**Aim of the exercise:**
When you reach the records below, output every one exactly as written but leave out any pictures.

──────

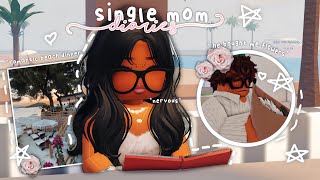 Single Mom Diaries📓*VOICED* || beach date 🌊 baby-sitting🍼 a kiss…?💓 || Berry Avenue Roleplay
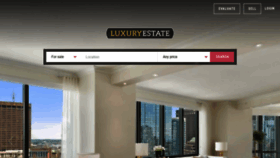What Luxuryestate.com website looked like in 2023 (1 year ago)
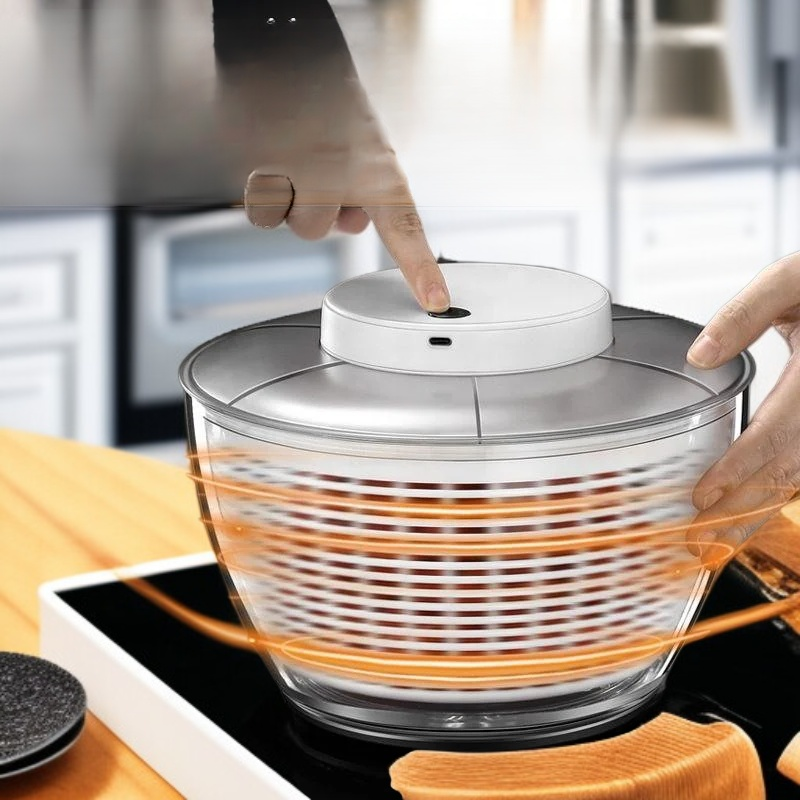  Elektryczna mini wirówka do sałatek, wielofunkcyjny mikser do warzyw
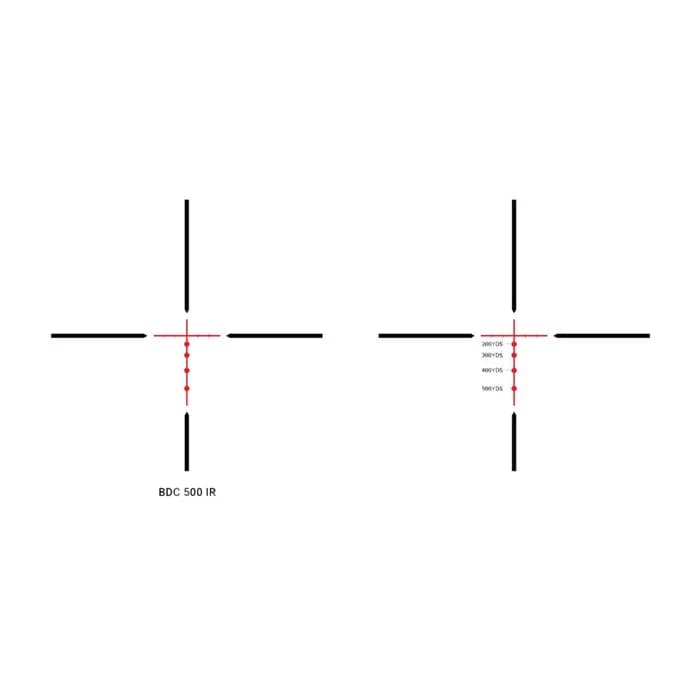 Neos 3-9x40mm SFP Illuminated BDC 500 IR Reticle Black - photo 3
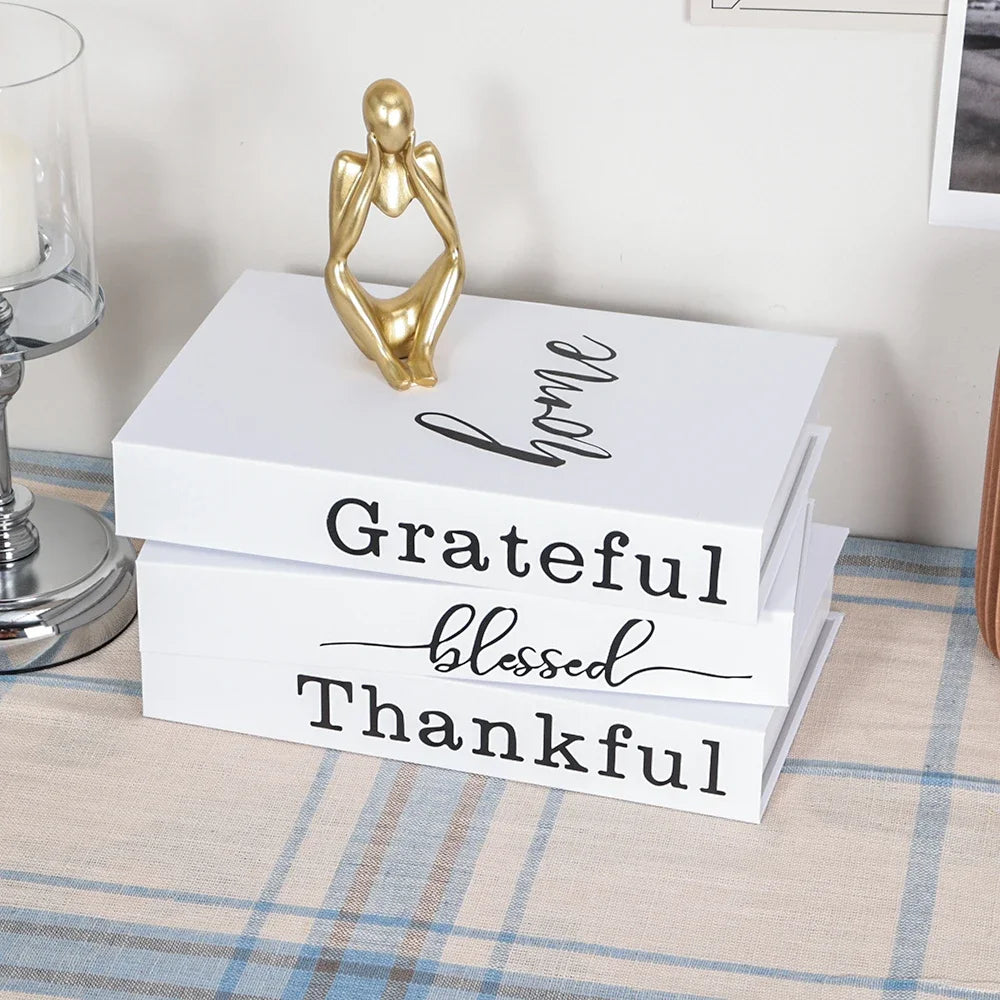 Set of 3 Stylish Decorative Books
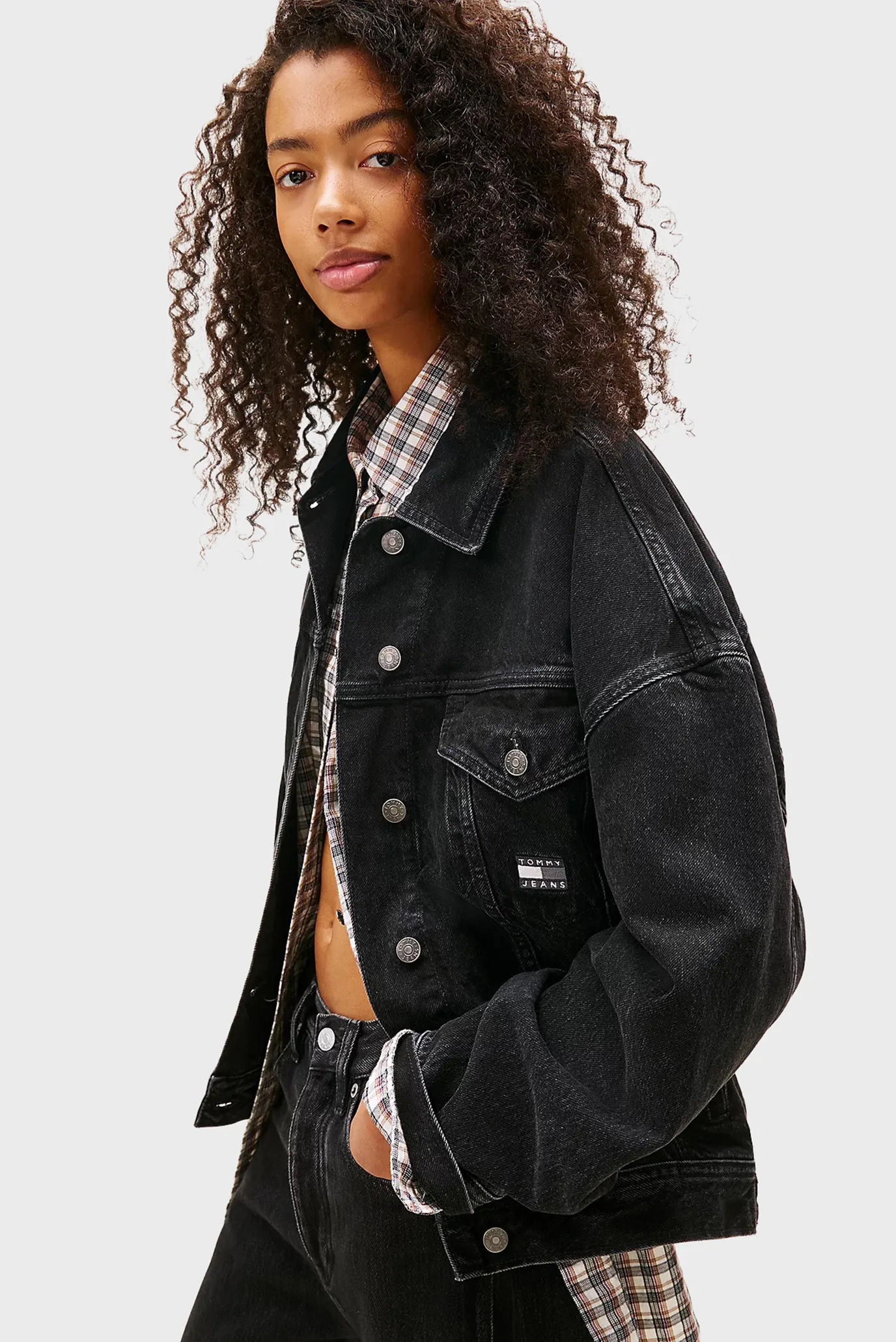 Куртка джинсовая OVSZ TRCKR JKT FLAG EI6081 EXT 2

──────

**Expected answer:**
 Single Mom Diaries📓*VOICED* || beach date 🌊 baby-sitting🍼 a kiss…?💓 || Berry Avenue Roleplay
What Luxuryestate.com website looked like in 2023 (1 year ago)
  Elektryczna mini wirówka do sałatek, wielofunkcyjny mikser do warzyw
 Neos 3-9x40mm SFP Illuminated BDC 500 IR Reticle Black - photo 3
 Set of 3 Stylish Decorative Books
 Куртка джинсовая OVSZ TRCKR JKT FLAG EI6081 EXT 2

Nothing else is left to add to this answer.